On connaît des cas où des gens ont été assassinés. Parmi ceux qui ont été tués pour blasphème, aucun ne l’a été en vertu de la loi, ou après un procès. En fait, dans de rares cas, des gens ont été relâchés et il y a eu un non-lieu. Mais il est arrivé que des chrétiens, et même des musulmans, aient été lynchés par la foule, massacrés, poignardés.

Q : Pour changer de sujet, chrétiens et musulmans ont un amour particulier pour la Vierge Marie. Qu’en est-t-il dans votre diocèse ?

Mgr Coutts :Oui, pas seulement dans mon diocèse mais partout ; en effet, la Vierge Marie est mentionnée dans le Coran, livre saint des musulmans, et les musulmans la considèrent comme la mère du prophète Jésus, une personne très sainte et très pure, mais ils ne rendent pas à Marie le même hommage, la même vénération que nous, catholiques.

Q : Et votre propre dévotion à Marie ? Où l’avez-vous acquise ? Vos parents ont-ils influencé votre dévotion à Marie ?

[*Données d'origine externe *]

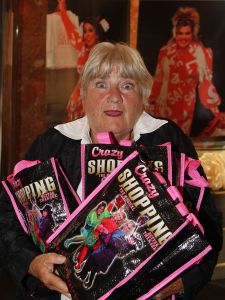 09-08-2010 SHOWBIZZ; CRAZY SHOPPING PREMIERE IN CARRE AMSTERDAM. Het schijnt de verrassing te worden van dit seizoen CRAZY SHOPPING de musical. Met oa. Miranda van Kralingen-Antje Montero-Casey Francisco-Carolina Mout en Tony Neef. Een Hilarische show die je blij moet maken. De kritieken waren niet al te best voor deze vooral verrassende musical.
foto: Albert den Iseger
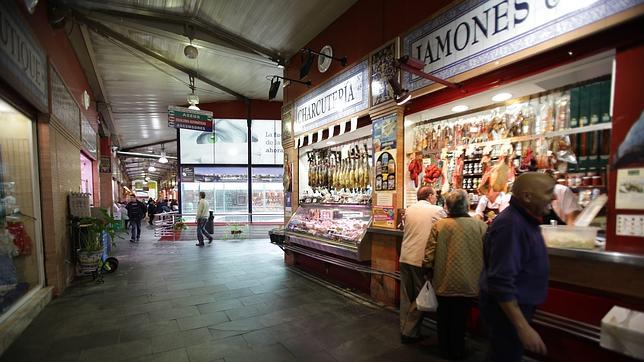 Obras en la cubierta del mercado de Triana para evitar las goteras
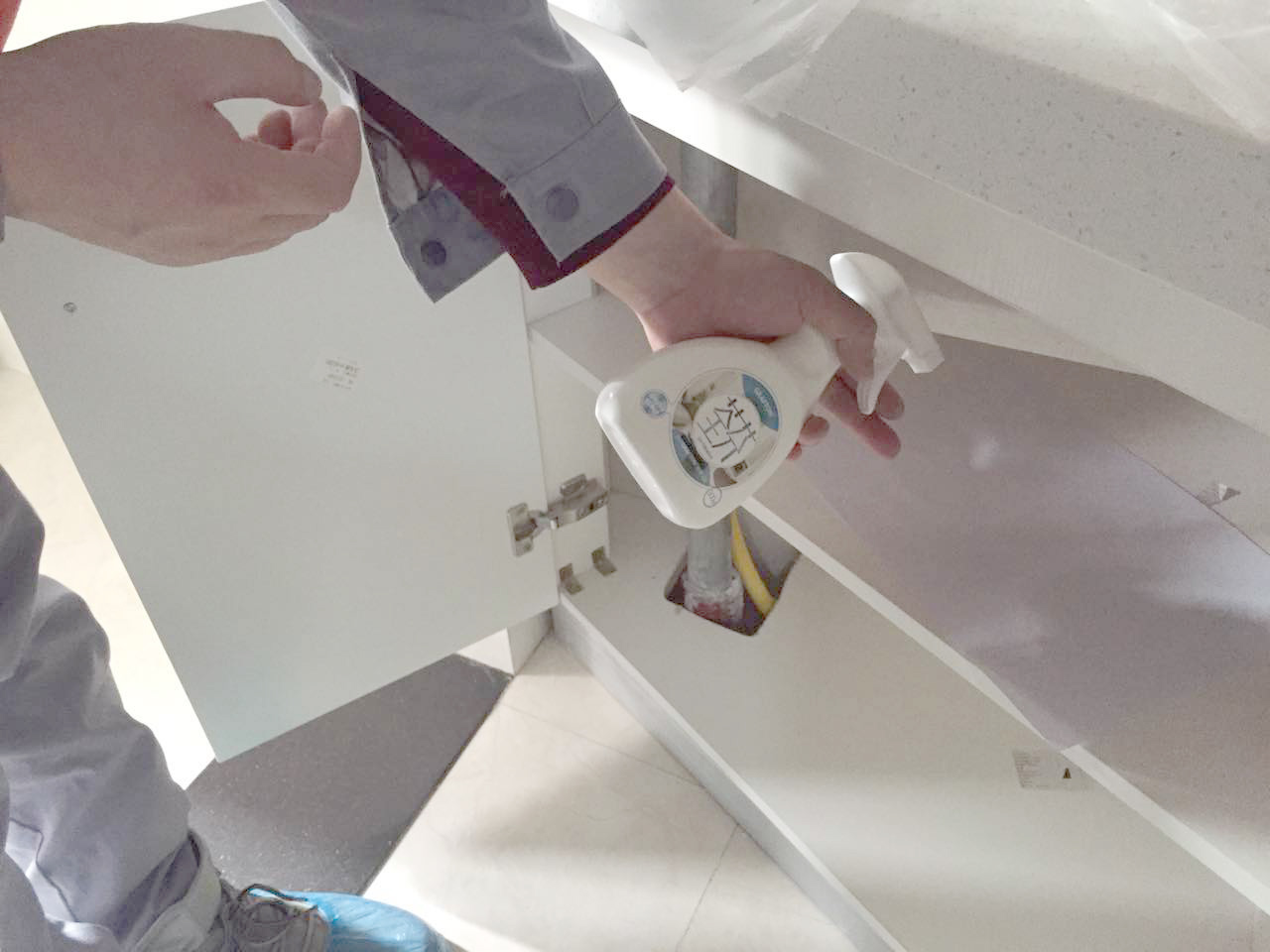 櫥柜隔檔全方位噴涂施工 櫥柜隔檔全方位噴涂施工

Mgr Coutts : Oui, car je suis né et j’ai grandi dans une famille cath
olique ; nous sommes des catholiques pratiquants, et dans la grande ville de Lahore, où je suis né et où j’ai grandi. Notre maison se trouvait juste en face de l’église. A la maison, ma mère insistait toujours pour réciter le rosaire en famille et, enfant, je faisais partie de la Légion de Marie junior. J’avais donc déjà cette dévotion, et j’ai grandi dans un climat de grande dévotion envers notre Mère Bénie.

Q : Est-ce un facteur qui a influencé votre vocation de prêtre ?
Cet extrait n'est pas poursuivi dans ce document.